HARARE – The government on Thursday said it had agreed a maximum price for mealie-meal with millers, days after restoring a subsidy on the staple.
Mealie-meal prices more than doubled last week after finance minister Mthuli Ncube announced he was scrapping the subsidy which he said was “open to abuse and placed a huge burden on the fiscus.”
“Under this new subsidy model, the government will fund the procurement of grain at market prices and selling the same to registered to maize millers to ensure availability and affordability of the commodity,” Ncube said in a statement.
“The government will ensure that the requisite monthly tonnage of 40,000 metric tonnes required for producing 32,000 metric tonnes of roller meal will be timely availed by GBM to members of the Grain Millers Association of Zimbabwe.”
Ncube said under the agreement with the millers, whose association brings together 95 percent of market, the retail price of a 10kg bag of mealie-meal would come down to ZWL$50 from over ZWL$100 currently.
“This model will create fiscal space for treasury to finance other social protection programmes,” Ncube said.
Economist Eddie Cross, who sits on an advisory board for the central bank, this week warned that the current blanket maize subsidy will cost nearly ZWL$3 billion in the next 12 months.
Cross is proposing, instead, that the Reserve Bank of Zimbabwe could print vouchers which could be exchanged for mealie-meal at any store or supermarket.
“This would enable the absolute poor among us to buy their basic needs to survive.
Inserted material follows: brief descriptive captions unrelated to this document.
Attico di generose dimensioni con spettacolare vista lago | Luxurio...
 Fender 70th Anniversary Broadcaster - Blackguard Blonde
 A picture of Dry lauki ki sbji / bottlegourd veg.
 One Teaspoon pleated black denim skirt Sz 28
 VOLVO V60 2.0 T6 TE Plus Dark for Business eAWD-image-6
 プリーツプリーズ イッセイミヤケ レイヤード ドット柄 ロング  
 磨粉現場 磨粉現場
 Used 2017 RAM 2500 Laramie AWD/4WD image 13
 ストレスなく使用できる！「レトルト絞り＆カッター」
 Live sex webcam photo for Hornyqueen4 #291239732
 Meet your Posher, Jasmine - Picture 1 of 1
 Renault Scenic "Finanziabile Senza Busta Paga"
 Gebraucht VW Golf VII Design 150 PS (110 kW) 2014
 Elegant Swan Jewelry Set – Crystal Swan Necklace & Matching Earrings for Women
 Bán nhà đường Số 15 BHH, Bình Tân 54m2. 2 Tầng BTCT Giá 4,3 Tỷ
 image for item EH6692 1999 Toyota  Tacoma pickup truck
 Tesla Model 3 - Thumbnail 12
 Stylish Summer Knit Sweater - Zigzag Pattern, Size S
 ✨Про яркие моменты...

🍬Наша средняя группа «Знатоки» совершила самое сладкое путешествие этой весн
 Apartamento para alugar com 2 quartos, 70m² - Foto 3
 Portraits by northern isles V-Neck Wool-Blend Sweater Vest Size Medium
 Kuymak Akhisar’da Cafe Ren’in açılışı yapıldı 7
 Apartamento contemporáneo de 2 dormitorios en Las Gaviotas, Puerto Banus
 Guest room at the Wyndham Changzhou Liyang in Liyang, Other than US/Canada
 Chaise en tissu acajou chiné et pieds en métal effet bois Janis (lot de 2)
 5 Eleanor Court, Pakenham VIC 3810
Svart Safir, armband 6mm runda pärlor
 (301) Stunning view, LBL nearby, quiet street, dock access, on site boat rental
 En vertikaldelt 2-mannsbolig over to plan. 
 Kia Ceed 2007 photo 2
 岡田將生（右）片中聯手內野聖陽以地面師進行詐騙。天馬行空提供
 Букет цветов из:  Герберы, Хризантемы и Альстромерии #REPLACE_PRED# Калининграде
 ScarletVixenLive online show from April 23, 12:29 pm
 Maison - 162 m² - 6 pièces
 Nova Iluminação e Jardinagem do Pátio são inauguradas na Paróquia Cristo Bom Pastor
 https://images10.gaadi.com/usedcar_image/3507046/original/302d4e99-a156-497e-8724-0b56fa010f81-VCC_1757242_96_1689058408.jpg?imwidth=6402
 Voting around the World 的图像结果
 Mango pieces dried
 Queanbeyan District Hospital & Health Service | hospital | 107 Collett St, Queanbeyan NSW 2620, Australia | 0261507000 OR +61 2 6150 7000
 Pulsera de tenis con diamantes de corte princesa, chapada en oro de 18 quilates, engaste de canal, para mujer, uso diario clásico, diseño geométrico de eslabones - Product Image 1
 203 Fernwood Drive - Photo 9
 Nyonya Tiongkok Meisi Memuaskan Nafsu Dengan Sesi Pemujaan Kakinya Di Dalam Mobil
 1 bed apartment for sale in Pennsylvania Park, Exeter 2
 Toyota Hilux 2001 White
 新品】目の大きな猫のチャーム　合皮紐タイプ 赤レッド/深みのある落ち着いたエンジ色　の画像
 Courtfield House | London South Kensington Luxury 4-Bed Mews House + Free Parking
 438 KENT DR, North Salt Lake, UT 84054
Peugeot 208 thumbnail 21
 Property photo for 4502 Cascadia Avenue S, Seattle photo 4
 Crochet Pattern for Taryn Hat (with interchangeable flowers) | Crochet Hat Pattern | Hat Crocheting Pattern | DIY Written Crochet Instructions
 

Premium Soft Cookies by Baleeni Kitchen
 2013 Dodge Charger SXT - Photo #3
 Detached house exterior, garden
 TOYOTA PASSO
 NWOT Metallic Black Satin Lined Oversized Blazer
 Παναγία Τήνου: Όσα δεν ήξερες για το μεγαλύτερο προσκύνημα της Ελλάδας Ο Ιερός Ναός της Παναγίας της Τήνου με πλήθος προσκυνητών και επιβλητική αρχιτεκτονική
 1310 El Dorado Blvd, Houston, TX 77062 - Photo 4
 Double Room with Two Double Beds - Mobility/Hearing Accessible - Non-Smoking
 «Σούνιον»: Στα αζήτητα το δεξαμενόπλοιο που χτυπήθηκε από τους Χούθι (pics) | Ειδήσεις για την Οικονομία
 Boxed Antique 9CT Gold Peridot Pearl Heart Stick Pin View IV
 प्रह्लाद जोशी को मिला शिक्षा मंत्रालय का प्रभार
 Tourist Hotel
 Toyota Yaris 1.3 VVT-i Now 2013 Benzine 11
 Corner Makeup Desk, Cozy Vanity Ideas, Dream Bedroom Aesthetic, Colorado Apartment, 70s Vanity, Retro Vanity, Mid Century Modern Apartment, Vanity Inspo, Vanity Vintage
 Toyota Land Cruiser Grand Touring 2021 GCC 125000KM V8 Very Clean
Subsidies on an untargeted basis would cost us many times more than that and achieve little, most of the expenditure wasted on corruption and on other beneficiaries who do not need subsidy,” Cross said.
The United Nations said on Tuesday it was procuring food assistance for 4.1 million Zimbabweans – a quarter of the population.
Food shortages are being exacerbated by runaway inflation and climate-induced drought.